- _What you will do_
Among the entries that follow, locate the line with "Recambio de piloto" and the line with "Boucheron Employee Frederique". Output those lines and all lines in between, exactly, minus the pictures.

- _Given data_
──────────────────────────────
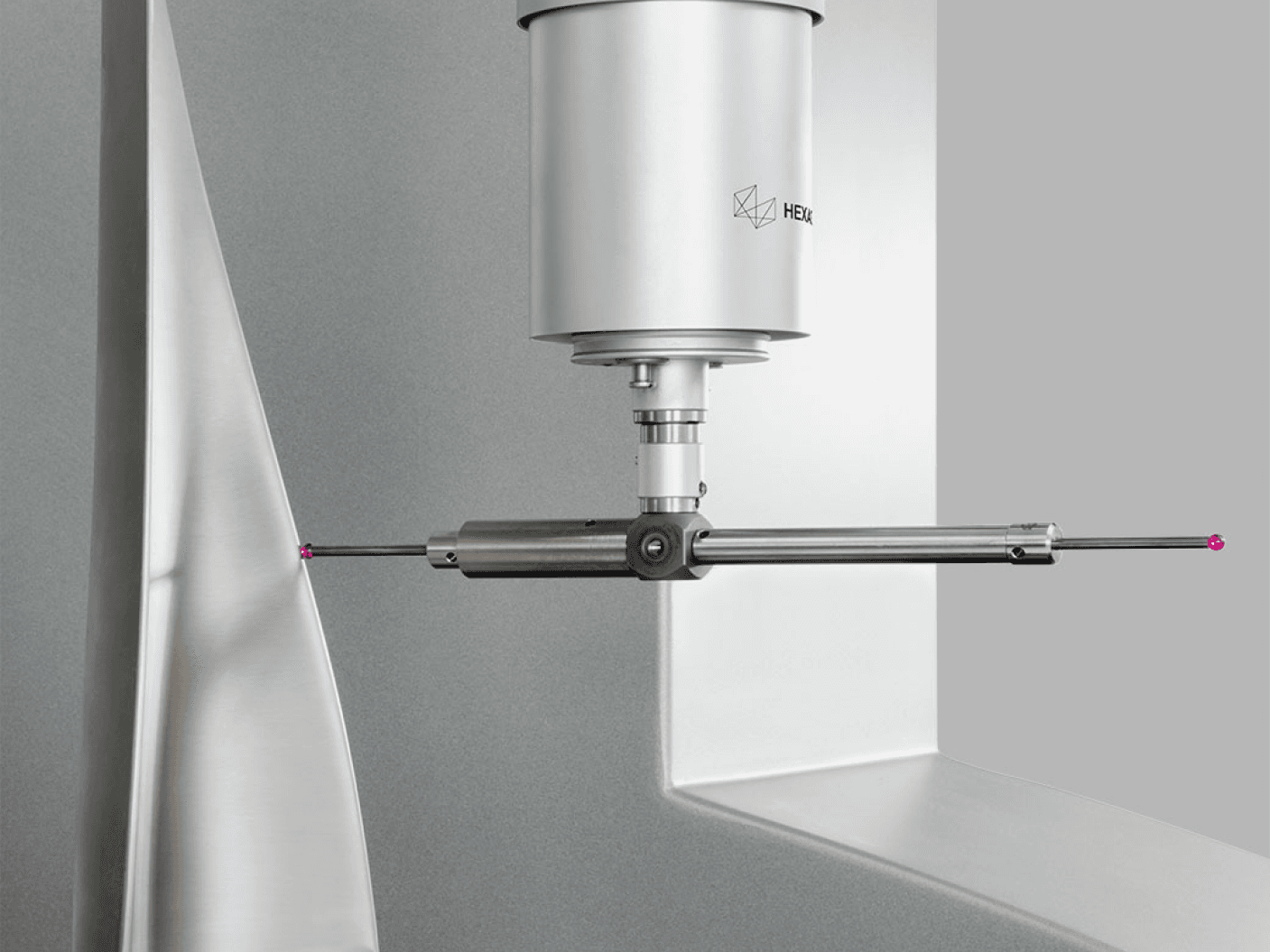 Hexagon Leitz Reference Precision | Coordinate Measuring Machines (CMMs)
──────────────────────────────
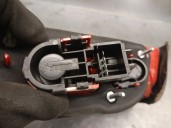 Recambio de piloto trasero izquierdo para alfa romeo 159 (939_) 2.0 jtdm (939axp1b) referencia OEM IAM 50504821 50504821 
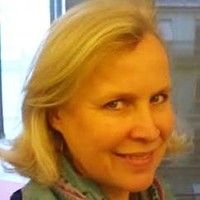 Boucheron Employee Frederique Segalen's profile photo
──────────────────────────────
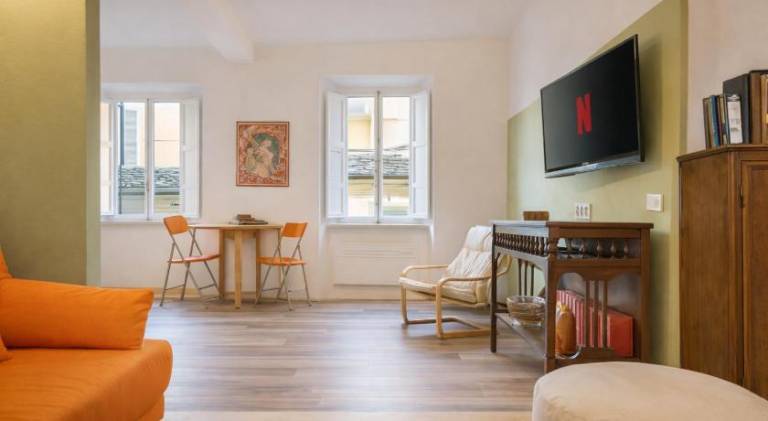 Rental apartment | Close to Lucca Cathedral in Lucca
──────────────────────────────
- _Solved problem_
 Recambio de piloto trasero izquierdo para alfa romeo 159 (939_) 2.0 jtdm (939axp1b) referencia OEM IAM 50504821 50504821 
 Boucheron Employee Frederique Segalen's profile photo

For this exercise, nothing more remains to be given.